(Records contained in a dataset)
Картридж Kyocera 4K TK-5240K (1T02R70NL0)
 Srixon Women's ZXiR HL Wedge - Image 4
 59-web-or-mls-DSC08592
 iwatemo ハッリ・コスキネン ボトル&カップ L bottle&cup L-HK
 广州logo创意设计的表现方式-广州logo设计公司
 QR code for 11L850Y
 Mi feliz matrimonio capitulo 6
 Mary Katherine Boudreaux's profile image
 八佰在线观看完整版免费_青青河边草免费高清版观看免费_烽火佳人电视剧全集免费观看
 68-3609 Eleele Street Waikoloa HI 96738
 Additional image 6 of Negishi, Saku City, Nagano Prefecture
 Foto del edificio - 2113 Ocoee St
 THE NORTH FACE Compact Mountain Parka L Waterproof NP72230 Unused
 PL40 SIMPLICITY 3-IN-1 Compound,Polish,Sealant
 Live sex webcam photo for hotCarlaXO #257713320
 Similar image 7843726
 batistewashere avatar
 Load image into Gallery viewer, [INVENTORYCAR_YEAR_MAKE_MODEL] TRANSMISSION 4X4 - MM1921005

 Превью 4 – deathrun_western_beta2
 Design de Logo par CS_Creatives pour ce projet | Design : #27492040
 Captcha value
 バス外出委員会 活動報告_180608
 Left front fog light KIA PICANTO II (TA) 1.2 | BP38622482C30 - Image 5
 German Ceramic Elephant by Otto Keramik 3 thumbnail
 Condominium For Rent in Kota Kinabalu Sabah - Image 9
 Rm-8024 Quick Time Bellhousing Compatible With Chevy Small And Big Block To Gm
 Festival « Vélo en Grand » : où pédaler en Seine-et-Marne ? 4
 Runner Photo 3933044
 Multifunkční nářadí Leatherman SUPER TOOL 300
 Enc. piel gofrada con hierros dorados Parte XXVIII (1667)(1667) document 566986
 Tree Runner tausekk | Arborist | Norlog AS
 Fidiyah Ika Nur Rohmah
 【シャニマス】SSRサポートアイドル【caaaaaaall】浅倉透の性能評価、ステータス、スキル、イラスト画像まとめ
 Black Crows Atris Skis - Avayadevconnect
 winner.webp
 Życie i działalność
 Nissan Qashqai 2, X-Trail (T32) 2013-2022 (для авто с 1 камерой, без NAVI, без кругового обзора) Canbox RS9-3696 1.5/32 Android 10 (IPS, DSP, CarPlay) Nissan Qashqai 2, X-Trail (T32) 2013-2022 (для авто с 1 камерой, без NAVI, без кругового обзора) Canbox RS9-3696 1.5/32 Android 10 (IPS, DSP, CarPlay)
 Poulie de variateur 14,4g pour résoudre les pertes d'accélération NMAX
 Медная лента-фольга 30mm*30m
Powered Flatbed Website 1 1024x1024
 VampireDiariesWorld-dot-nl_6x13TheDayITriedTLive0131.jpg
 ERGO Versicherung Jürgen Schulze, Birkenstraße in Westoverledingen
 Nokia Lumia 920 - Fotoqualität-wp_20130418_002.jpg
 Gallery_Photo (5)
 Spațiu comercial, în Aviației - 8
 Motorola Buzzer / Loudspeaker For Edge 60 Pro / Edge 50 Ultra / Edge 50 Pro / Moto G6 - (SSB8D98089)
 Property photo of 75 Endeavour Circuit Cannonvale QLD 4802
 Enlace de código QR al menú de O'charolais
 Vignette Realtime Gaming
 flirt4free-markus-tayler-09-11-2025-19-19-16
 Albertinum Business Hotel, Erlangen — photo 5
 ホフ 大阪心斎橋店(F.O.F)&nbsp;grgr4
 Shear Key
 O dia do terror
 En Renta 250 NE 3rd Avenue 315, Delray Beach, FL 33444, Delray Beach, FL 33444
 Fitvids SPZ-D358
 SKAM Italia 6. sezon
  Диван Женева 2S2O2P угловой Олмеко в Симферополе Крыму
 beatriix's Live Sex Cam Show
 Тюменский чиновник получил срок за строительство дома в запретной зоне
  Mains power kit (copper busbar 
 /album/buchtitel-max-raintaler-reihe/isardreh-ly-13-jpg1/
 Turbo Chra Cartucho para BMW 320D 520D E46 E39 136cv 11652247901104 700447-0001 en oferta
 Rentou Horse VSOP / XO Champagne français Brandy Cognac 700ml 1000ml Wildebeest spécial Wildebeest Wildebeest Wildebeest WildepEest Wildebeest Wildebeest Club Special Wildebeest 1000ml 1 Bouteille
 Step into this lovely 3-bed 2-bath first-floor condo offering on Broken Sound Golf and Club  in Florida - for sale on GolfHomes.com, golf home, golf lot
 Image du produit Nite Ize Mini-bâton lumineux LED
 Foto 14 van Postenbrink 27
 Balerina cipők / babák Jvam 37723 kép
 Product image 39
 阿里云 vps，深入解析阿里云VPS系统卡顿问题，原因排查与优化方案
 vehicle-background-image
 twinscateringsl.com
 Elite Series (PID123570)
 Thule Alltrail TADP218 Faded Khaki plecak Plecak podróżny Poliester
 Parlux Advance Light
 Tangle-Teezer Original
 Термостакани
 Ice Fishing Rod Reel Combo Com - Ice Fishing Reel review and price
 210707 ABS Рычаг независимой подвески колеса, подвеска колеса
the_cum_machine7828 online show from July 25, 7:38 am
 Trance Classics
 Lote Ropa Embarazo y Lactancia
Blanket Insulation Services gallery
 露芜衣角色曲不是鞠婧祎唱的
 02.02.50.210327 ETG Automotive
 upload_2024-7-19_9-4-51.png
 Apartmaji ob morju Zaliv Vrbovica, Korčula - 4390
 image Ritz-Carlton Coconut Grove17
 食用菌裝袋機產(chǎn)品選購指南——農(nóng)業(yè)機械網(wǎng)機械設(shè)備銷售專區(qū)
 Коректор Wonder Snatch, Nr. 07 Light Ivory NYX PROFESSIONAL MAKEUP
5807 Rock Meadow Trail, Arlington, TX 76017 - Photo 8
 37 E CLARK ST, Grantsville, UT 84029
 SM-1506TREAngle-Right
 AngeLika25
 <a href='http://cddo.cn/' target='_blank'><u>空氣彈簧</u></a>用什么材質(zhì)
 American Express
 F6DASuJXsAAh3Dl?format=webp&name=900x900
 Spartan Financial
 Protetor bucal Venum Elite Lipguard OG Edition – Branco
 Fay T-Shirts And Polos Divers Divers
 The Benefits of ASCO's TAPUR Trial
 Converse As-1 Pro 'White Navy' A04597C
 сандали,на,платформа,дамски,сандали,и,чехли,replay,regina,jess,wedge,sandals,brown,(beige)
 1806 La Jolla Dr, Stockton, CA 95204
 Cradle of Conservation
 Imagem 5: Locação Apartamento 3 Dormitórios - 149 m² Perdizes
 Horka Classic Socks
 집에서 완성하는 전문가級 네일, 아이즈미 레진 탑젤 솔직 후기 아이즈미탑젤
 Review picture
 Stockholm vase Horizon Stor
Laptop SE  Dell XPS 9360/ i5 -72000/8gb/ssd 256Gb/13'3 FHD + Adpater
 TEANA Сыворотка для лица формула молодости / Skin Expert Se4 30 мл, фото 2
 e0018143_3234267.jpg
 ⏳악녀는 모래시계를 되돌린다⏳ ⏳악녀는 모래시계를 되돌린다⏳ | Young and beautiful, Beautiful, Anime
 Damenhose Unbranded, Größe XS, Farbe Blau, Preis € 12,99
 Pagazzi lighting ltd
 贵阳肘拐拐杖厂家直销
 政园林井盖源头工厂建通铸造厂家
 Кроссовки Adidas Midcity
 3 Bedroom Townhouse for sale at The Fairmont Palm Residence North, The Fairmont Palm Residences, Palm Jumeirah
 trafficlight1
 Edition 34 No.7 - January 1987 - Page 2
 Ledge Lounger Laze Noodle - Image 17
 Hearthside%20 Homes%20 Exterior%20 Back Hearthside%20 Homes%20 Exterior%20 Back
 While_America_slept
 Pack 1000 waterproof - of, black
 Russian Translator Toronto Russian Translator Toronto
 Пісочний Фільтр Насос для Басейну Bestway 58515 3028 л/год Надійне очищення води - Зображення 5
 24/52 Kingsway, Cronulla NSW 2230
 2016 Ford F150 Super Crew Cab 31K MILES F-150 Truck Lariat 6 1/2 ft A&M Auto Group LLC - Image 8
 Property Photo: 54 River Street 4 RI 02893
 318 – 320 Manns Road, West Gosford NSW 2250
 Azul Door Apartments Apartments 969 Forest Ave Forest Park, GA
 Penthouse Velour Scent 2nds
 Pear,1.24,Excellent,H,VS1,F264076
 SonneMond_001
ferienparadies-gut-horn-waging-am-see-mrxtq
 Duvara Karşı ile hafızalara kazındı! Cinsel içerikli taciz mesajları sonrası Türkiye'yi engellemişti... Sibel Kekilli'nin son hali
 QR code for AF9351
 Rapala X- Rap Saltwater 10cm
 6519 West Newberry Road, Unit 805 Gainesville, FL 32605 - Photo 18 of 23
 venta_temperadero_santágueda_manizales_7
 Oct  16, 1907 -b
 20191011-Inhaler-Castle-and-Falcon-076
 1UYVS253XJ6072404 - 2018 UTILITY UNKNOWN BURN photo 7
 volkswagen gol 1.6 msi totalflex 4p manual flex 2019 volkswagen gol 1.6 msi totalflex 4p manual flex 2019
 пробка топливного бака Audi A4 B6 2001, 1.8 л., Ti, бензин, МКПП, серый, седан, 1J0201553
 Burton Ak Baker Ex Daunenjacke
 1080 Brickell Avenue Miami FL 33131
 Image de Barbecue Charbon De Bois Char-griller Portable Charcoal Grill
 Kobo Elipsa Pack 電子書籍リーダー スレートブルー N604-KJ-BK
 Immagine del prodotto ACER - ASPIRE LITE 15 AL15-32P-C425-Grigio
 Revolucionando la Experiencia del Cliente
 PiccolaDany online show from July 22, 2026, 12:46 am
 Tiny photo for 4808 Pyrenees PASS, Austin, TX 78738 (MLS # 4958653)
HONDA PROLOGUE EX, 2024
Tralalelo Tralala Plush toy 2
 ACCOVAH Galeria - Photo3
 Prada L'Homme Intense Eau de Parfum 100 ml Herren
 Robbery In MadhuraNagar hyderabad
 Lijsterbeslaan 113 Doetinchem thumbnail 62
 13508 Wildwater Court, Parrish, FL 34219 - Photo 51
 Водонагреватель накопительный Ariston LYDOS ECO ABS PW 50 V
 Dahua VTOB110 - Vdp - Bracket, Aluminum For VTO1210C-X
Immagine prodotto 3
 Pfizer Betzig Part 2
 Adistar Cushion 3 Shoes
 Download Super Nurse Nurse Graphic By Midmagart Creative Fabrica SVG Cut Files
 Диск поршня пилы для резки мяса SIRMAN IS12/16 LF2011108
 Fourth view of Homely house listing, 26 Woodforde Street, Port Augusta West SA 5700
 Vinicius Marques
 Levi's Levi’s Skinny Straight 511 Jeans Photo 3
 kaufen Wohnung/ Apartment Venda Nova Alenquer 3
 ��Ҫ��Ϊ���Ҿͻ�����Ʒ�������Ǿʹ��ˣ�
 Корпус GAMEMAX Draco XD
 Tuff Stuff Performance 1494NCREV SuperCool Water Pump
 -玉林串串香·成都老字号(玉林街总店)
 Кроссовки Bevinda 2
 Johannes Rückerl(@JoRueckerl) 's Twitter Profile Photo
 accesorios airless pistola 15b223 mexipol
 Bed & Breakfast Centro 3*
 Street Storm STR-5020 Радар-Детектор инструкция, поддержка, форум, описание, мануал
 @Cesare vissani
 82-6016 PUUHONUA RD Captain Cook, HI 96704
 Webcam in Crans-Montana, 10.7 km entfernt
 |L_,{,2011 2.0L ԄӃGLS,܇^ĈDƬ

* [WHAT THE EXERCISE ASKS] If a line in the data contains the string "Avenue", count it, then give the total and nothing else.

* [OUTPUT FOR THIS TASK] 2